The 7/12 extract which deals with the possession/ownership and crops on the land in question provides details of crop grown on it. There is a reference to the years 2004-05 to 2007-08 in this extract and the name of the cultivator has been given as “Self”. The crop grown has been written as “Jowar crop” in all the four years. These facts amply prove that not only the land was a cultivable land, but “Jowar crop” was also raised by the assessee on it during the year under consideration and immediately preceding three years as well.

  1. It is further pertinent to note from the 7/12 extract that the land Revenue of the said property has been determined at 33 paise. This fact proves that the land was subjected to land revenue. Another factor which weighs in favour of the assessee is that the land was transferred for a consideration of Rs. 1.70 crore determined by 00 Hector 81 Are area, i.e. 8100 sq.mtr and not by rate of square feet or square yard.
  2. At this juncture, it would be pertinent to note the landmark judgment rendered by the Hon’ble Supreme Court in Smt. Sarifabibi Mohmed Ibrahim & Ors. v. CIT (1993) 204 ITR 637 (SC). In that case, the dispute was as to whether the land transferred by the assessee was a capital asset or not?

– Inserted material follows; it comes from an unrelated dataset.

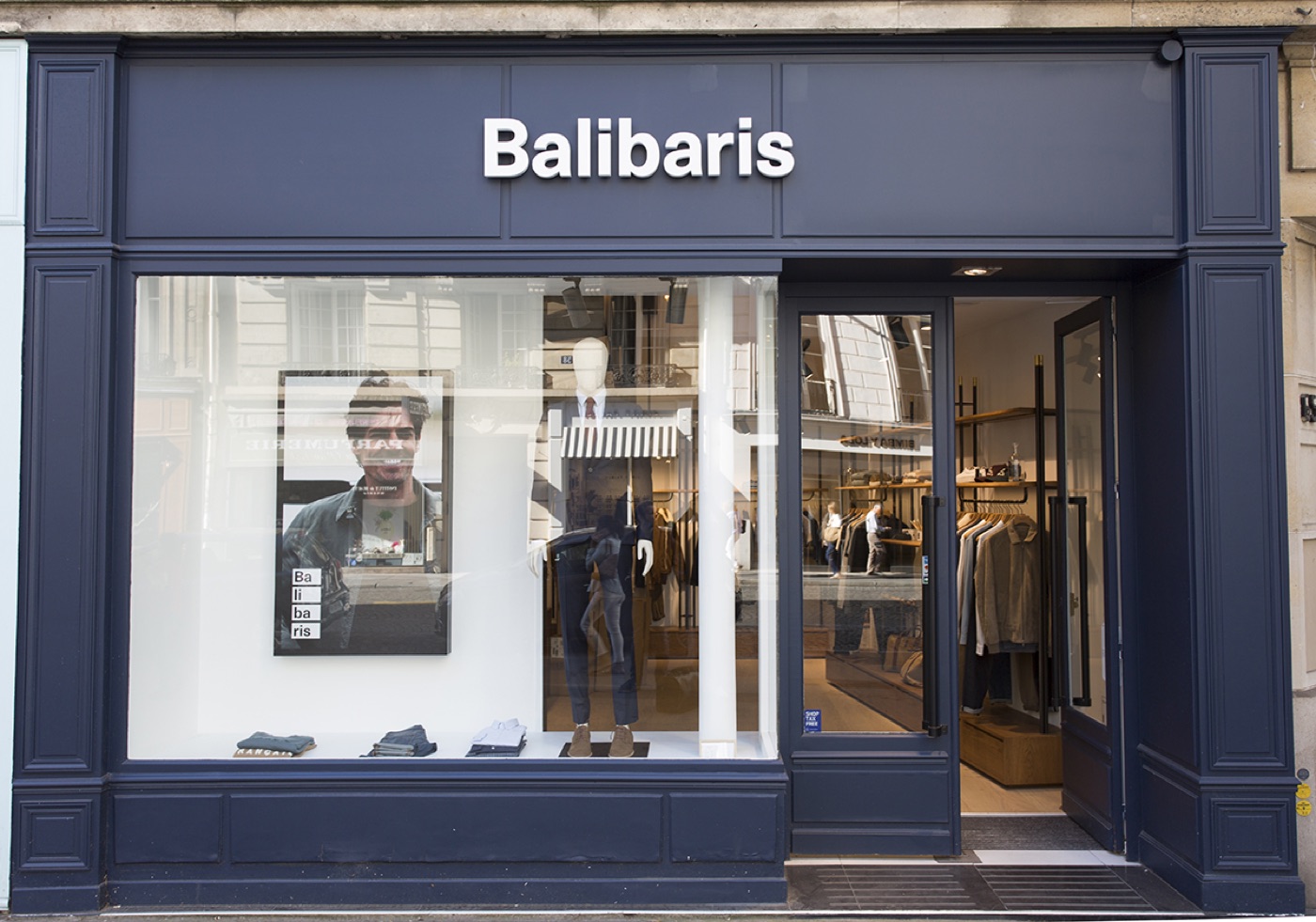 Lettres découpées en relief de la façade Balibaris réalisées par Isospace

The Hon’ble Supreme court, considering certain other judgments in which some tests for determining the nature of land were set out, came to the conclusion that the land transferred by the assessee was not an agricultural land. The tests so considered and set out in the judgment are reproduced verbatim, as under :–

“(1) Whether the land was classified in the revenue records as agricultural and whether it was subject to the payment of land revenue ?

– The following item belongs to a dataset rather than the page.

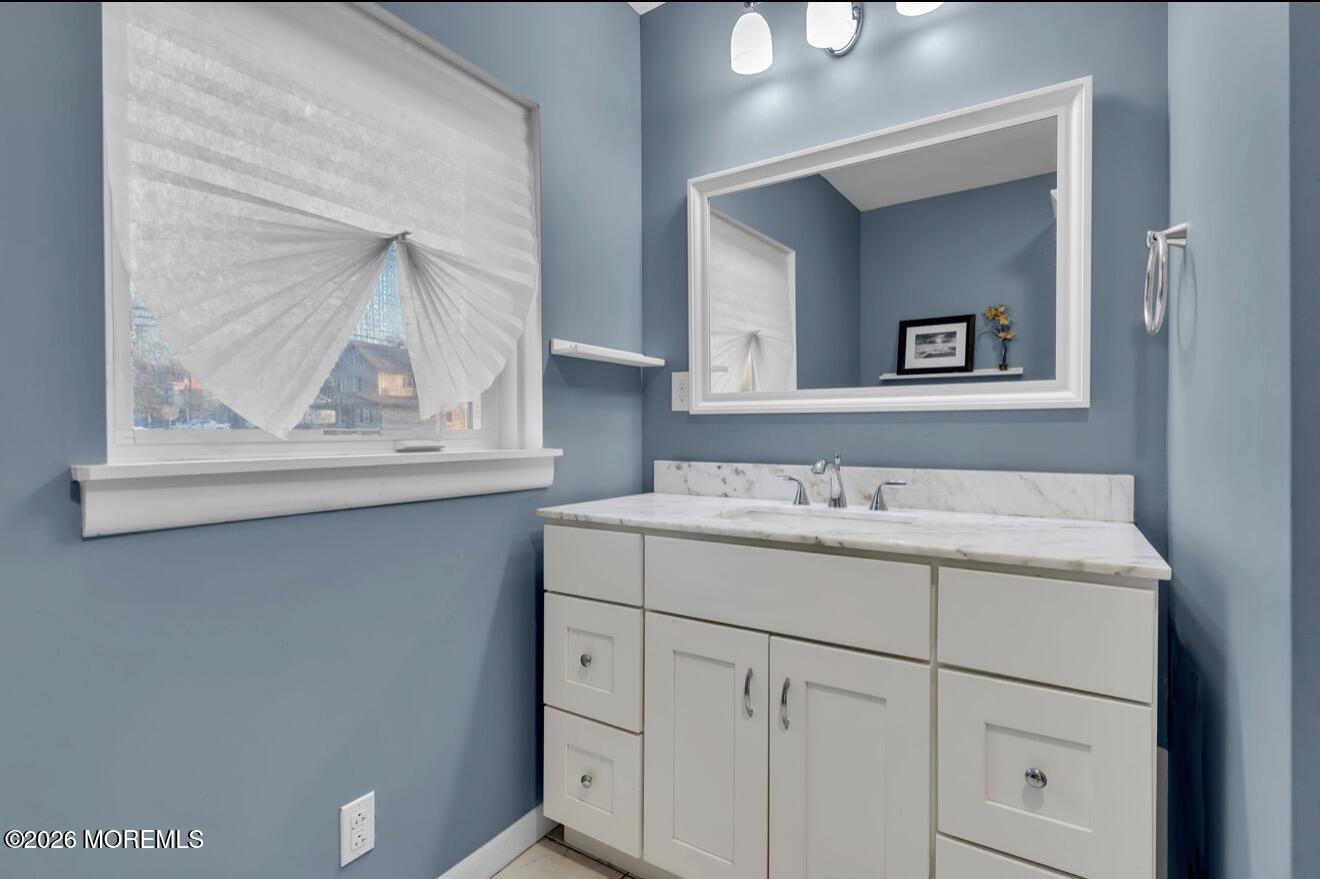 210 Spring Lawn Avenue Matawan, NJ 07747 - Photo 8 of 30 IMG_2743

(2) Whether the land was actually or ordinarily used for agricultural purposes at or about the relevant time ?

(3) Whether such user of the land was for a long period or whether it was of a temporary character or by way of a stopgap arrangement ?

(4) Whether the income derived from the agricultural operations carried on in the land bore any rational proportion to the investment made in purchasing the land ?

(5) Whether the permission under section 65 of the Bombay Land Revenue Code was obtained for the non-agricultural use of the land ? If so, when and by whom (the vendor or the vendee) ? Whether such permission was in respect of the whole or a portion of the land ? If the permission was in respect of a portion of the land and if it was obtained in the past, what was the nature of the user of the said portion of the land on the material date ?

(6) Whether the land, on the relevant date, had ceased to be put to agricultural use? If so, whether it was put to an alternative use ? Whether such cesser and/or alternative user was of a permanent or temporary nature ?

(7) Whether the land, though entered in revenue records, had never been actually used for agriculture, that is, it had never been ploughed or tilled ? Whether the owner meant or intended to use it for agricultural purposes ?

(8) Whether the land was situate in a developed area ?

Whether its physical characteristics, surrounding situation and use of the lands in the adjoining area were such as would indicate that the land was agricultural ?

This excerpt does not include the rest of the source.